* Activity
Reproduce the listing below in full and without alteration, apart from its pictures.

* Recorded data

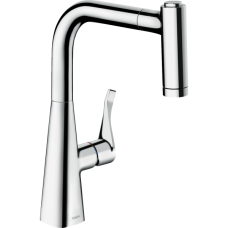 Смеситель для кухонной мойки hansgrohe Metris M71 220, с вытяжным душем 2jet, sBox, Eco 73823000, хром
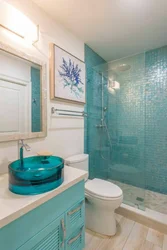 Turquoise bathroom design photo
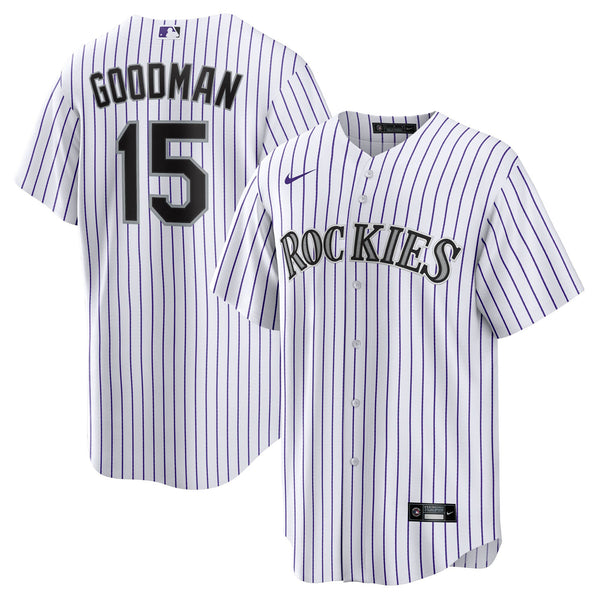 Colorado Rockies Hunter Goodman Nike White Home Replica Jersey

* Solution below
 Смеситель для кухонной мойки hansgrohe Metris M71 220, с вытяжным душем 2jet, sBox, Eco 73823000, хром
 Turquoise bathroom design photo
 Colorado Rockies Hunter Goodman Nike White Home Replica Jersey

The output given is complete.